STET lebt von seiner ungewöhnlichen Form. Der Text ist für ein wissenschaftliches Lehrbuch gedacht. Er soll Studenten in die Lage versetzen, in der Zukunft selbst Autos zu programmieren. Es ist also keine Werbebroschüre der Autoindustrie. Dennoch zeigen Annas Kommentare auf, dass eine kritische Diskussion der ethischen und philosophischen Dimensionen der Autos unerwünscht ist. STET wirft daher die Frage auf, wie wertneutral technische Forschung ist.

Sowohl in den Fußnoten als auch in den Kommentaren wird aber auch Annas Trauer spürbar. Der Tod ihrer Tochter ist schwer zu fassen. Kein Autofahrer würde das Leben eines Vogels über den eines Menschen stellen. Selbst wenn dieser noch akuter vom Aussterben bedroht wäre als der Vogel in der Kurzgeschichte, vermutlich würde ein Autofahrer sich diese Frage nicht einmal stellen. STET zeigt anhand dieses erst einmal abstrus wirkenden Beispiels auf, dass durch den Einfluss von Computern automatisch auch neue Kriterien auftauchen, die mitbedacht werden. Allein die Tatsache, dass die Fahrentscheidung berechnet wird, schafft möglicherweise ungeahnte Folgen. Anna ist darüber verständlicherweise empört und lässt ihrer Wut freien Lauf. Dadurch hat der Leser einen ansehnlichen Vergleich emotionaler sowie vermeintlich neutral, wissenschaftlicher Sprache. Diese Mischung aus Kühle und Emotion, aus Fließtext, Fußnoten und Kommentaren ist sehr gelungen.

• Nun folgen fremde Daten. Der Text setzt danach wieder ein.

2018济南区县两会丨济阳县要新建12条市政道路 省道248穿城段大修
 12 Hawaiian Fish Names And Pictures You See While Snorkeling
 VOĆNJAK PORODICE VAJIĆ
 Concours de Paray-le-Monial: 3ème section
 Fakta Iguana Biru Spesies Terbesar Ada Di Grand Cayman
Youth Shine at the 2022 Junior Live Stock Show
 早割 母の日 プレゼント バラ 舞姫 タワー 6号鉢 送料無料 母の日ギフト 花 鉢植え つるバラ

Und dennoch fehlt es der Geschichte durch ihre Form natürlich an Handlung. Natürlich ist der Unfall bewegend. Aber letztlich ist STET ein ausgesprochen direkter Denkanstoß über die möglichen Konsequenzen automatisierter Fahrzeuge. Das bewegt, lässt aber eine tatsächliche Handlung vermissen.

Die Kurzgeschichte „STET“ von Sarah Gailey ist 2018 im „Fireside-Magazine“ erschienen. Sie ist für den Hugo Award 2019 in der Kategorie „Best Short Story“ nominiert.